Aleggiava, martedì al Senato, la promessa di un futuro di mummie, cadaveri dissotterrati, con la tecnologia della maschera e l’estetica dell’Avatar. Renzi sogna Martinazzoli e Conte De Gasperi e tutti progettano partitini: “Insieme” di Conte, un partito pure per Di Maio, sempre al centro, ovviamente, dove già stanno i partitini di Calenda e Renzi. Il centro e il proporzionale sono come il ritorno della Carrà, delle lucciole di Pasolini, del Maurizio Costanzo show e di Sanremo ovviamente, che sarà una raccolta di memorabilia.
Ma nella sconfitta del “nuovismo” e nel rimpianto come progetto, nel “come eravamo” spacciato per strategia culturale non c’è la maggioranza del tradimento. Questa infatti è solo la maggioranza degli avanzi sparsi, frattaglie sì ma senza sapore, non il “quinto quarto” e neppure il pani câ meusa di Palermo, panino morbido al sesamo, imbottito con pezzetti di milza, polmone di vitello e sugo finto. Tutte insieme queste frattaglie non rimandano ai sapori ribaldi del ribaltone del 1994, alla congiura di palazzo che rovesciò il governo Prodi, ai capovolgimenti di D’Alema, Bossi, Berlusconi, Renzi, sempre in nome della governabilità, tutte varianti del vecchio, storico “giro di valzer” della Prima guerra mondiale e anche della Seconda, con la famosa telefonata del sottotenente Alberto Sordi che, l’8 settembre, non capendo perche i nazisti gli sparavano contro, chiamò il comando e comunicò la novità: «Signor colonnello, è successa una cosa terribile, i tedeschi si sono alleati con gli americani».

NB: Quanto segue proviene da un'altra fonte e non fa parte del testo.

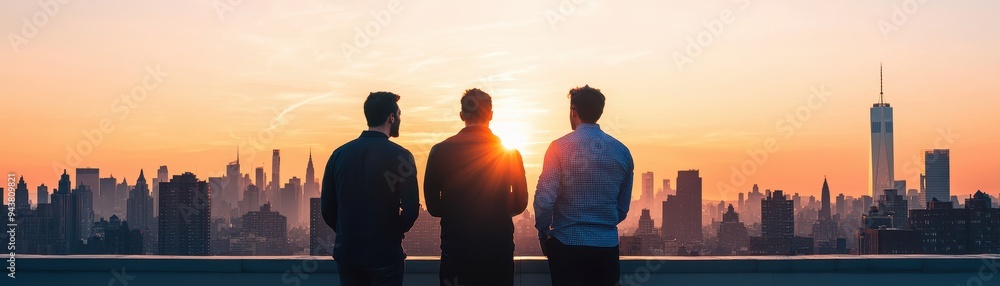 Fototapeta premium Three friends enjoy a stunning sunset view over the city skyline, capturing a moment of friendship and serenity.
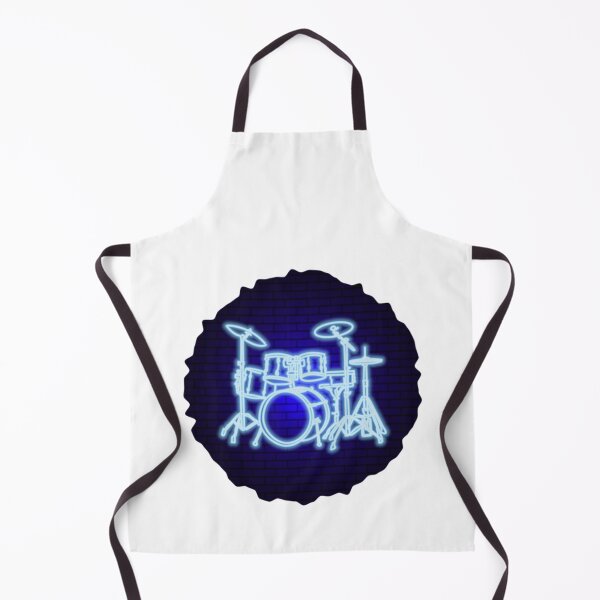 Item preview, Drum kit in neon light on a brick wall background designed and sold by BurnsBethArt.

Qui invece non c’è Alberto Sordi ma c’è Lello Ciampolillo, a cui Un giorno da Pecora ha dedicato ieri la canzone del coccodrillo: «Il Ciampolillo come fa, non c’è’ nessuno che lo sa….». Anche il qualunquismo e l’antipolitca sono un’eternità italiana. Politica e antipolitica sono come le due isole dell’Egeo che quasi si toccano: Paros e Antiparos.